• _TASK BRIEF_: Every record should be written out exactly, with the pictures left out.

• _DATA FOR ANALYSIS_:
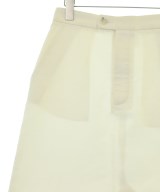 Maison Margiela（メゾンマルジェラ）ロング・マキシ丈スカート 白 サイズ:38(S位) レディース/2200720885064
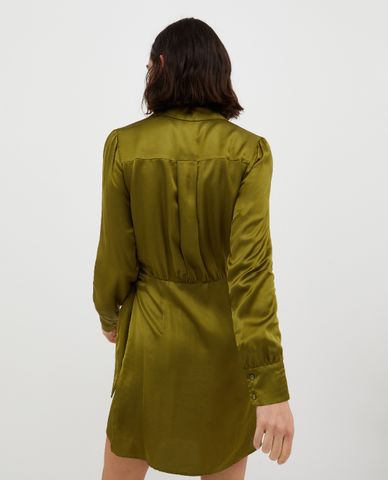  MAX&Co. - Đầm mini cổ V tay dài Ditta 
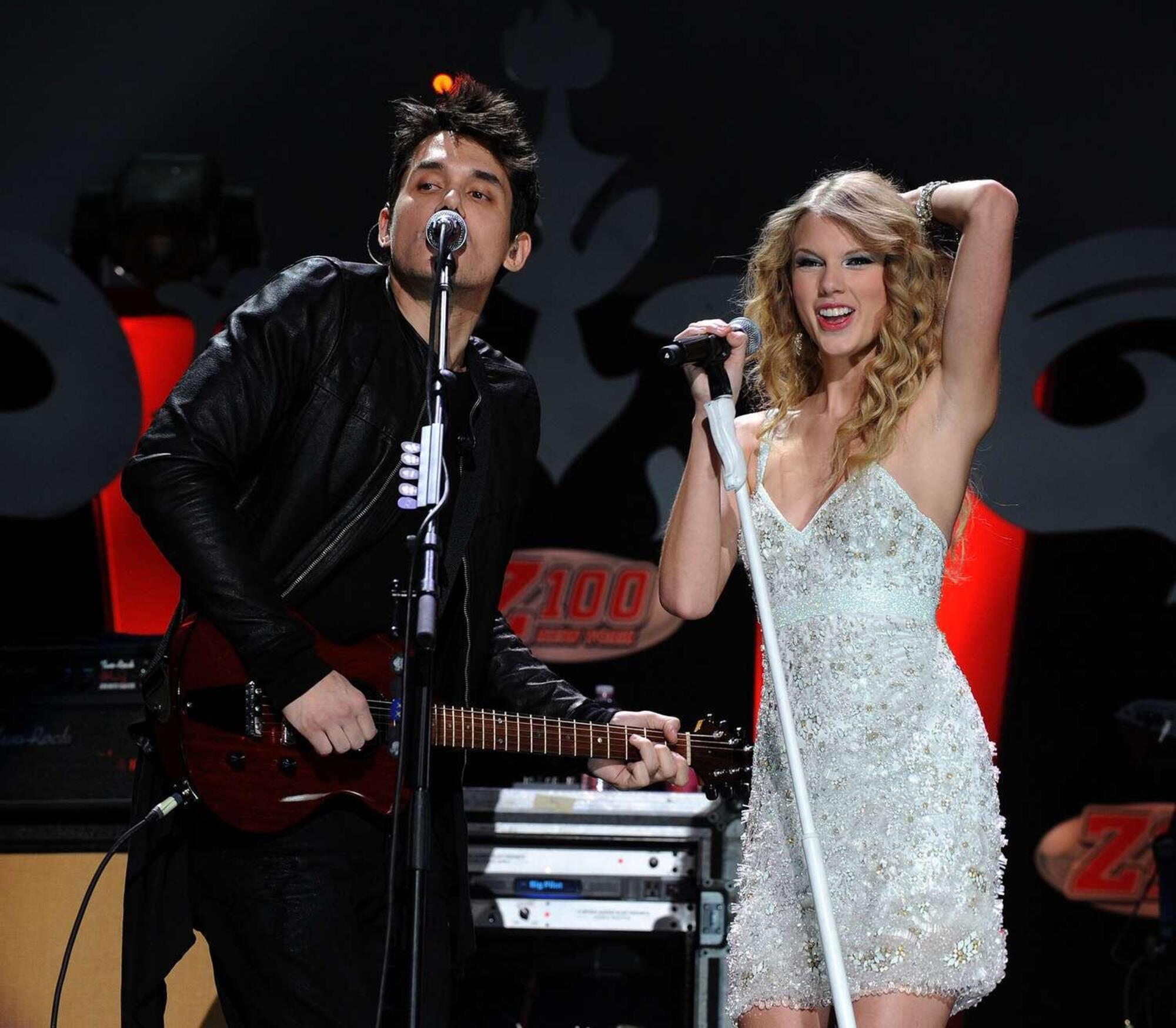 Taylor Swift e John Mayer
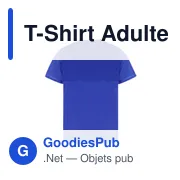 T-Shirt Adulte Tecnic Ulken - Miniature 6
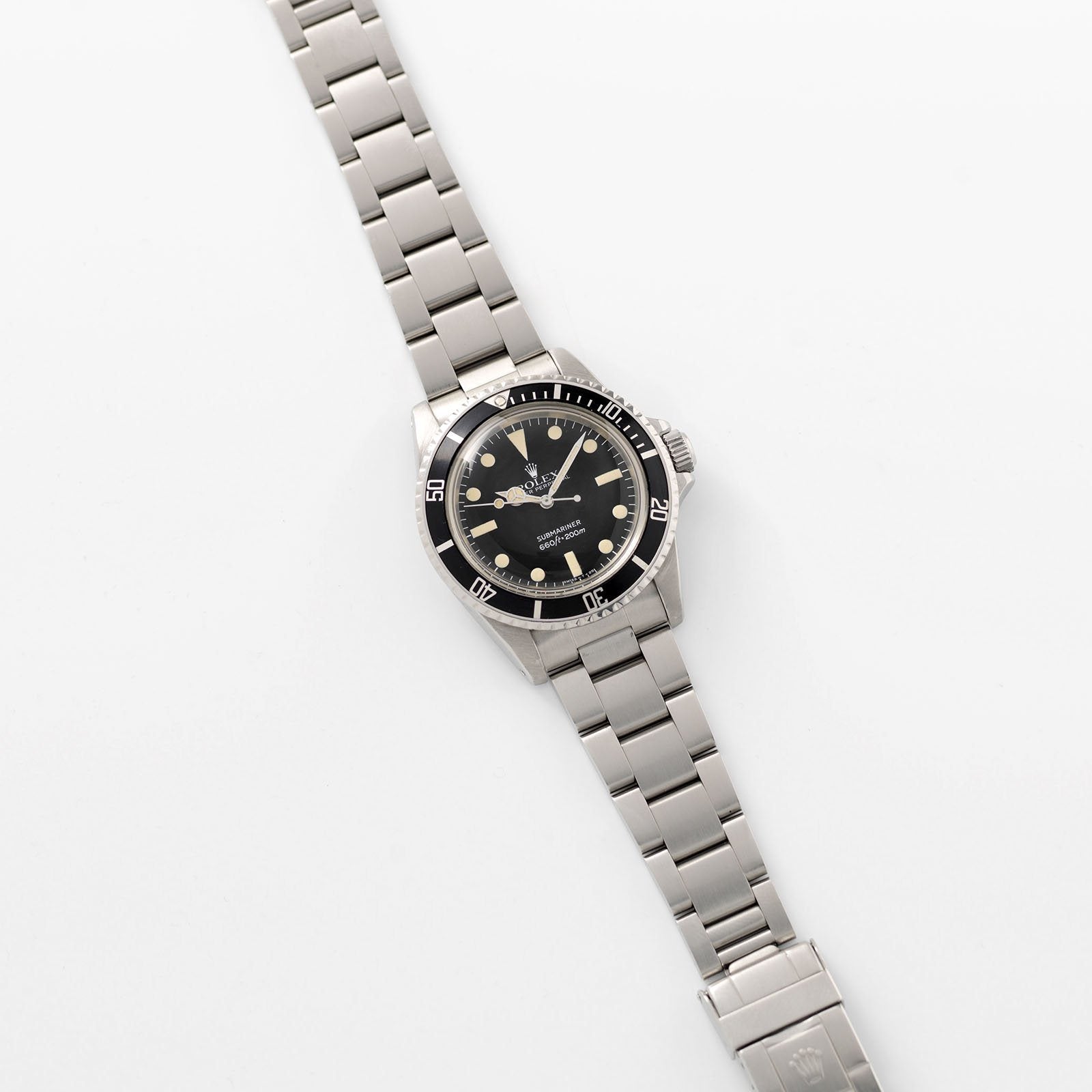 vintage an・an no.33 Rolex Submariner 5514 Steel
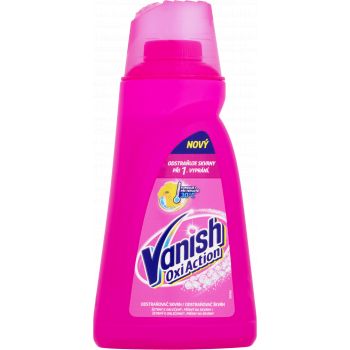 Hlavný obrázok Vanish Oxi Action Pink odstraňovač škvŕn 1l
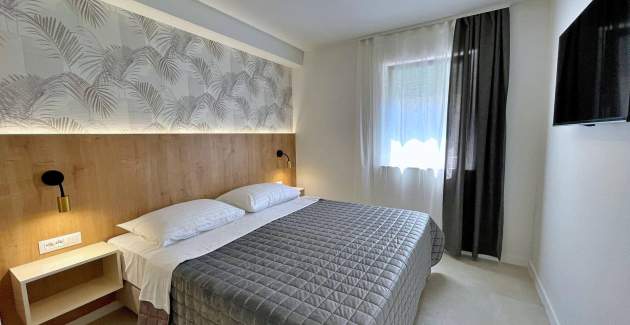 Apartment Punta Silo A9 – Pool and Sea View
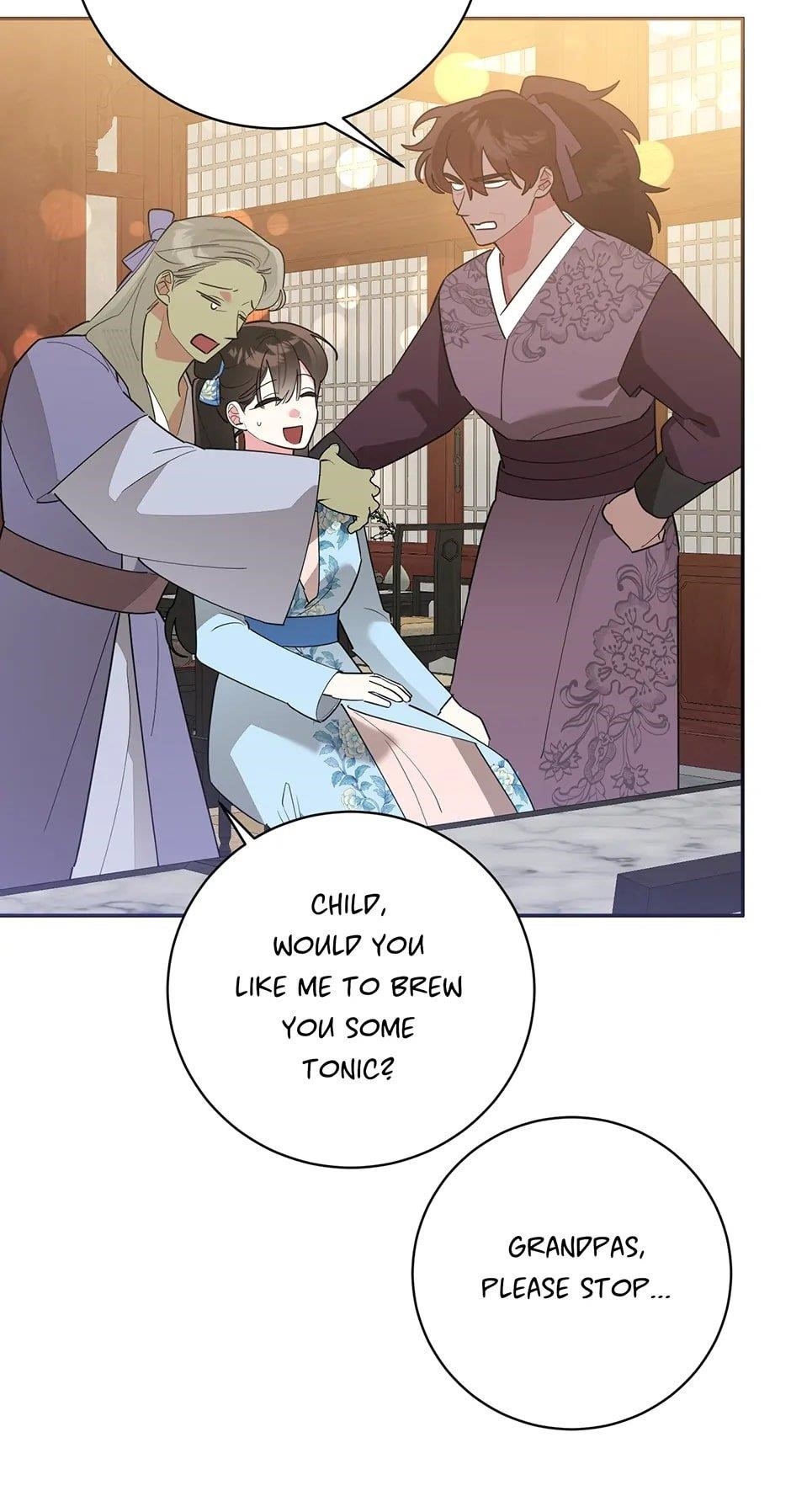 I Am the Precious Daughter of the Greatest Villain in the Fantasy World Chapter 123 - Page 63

• _RESULT OF THE EXERCISE_:
 Maison Margiela（メゾンマルジェラ）ロング・マキシ丈スカート 白 サイズ:38(S位) レディース/2200720885064
  MAX&Co. - Đầm mini cổ V tay dài Ditta 
 Taylor Swift e John Mayer
 T-Shirt Adulte Tecnic Ulken - Miniature 6
 vintage an・an no.33 Rolex Submariner 5514 Steel
 Hlavný obrázok Vanish Oxi Action Pink odstraňovač škvŕn 1l
 Apartment Punta Silo A9 – Pool and Sea View
 I Am the Precious Daughter of the Greatest Villain in the Fantasy World Chapter 123 - Page 63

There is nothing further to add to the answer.